Chevelus des Rivières et Bassins versants est un chantier artistique pluridisciplinaire consacré à l’hydrographie de notre pays. Cette résidence en est le volet sonore.
En quête d’un vocabulaire et de structurations musicales, cette exploration est nourrie des paysages, joies et beautés de l’eau, approches géographiques et questionnements sur nos liens à nos cours d’eau.

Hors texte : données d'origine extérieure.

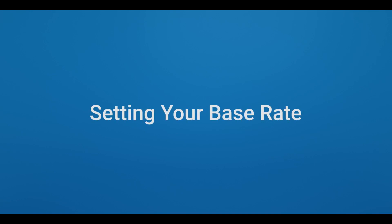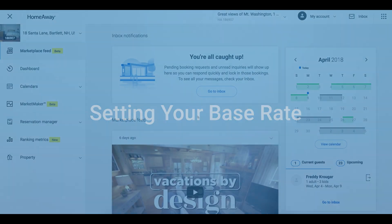Base rates are the cornerstone of the Rates Editor. When you set your base rate, it automatically applies to every single night in the year and in future years. This ensures that there are never gaps in your calendar where no rate was entered.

Tisser ensemble, patrimoine et matrimoine universel de la vie sur terre
Travaillant avec le territoire, une importance est donnée ici aux sources. Ayant à coeur les précieux patrimoines culturels immatériels de l’humanité, je porte mon regard sur l’indissociable "matrimoine universel de la vie sur terre". Discerner, nommer, célébrer les milieux vivants qui nous tiennent en vie en leur sein.
Travaux de l’eau, Corps du monde
Concernant l’eau, incommensurable et vitale, les approches possibles sont nombreuses.
Ici l’axe de recherche est le monde en tant que corps, veiné de cours d’eau.
Le bassin versant de l’Adour est le terrain de cette recherche ; il est composé de nombreux bassins versants singuliers, dont celui du Gave qui traverse le Béarn.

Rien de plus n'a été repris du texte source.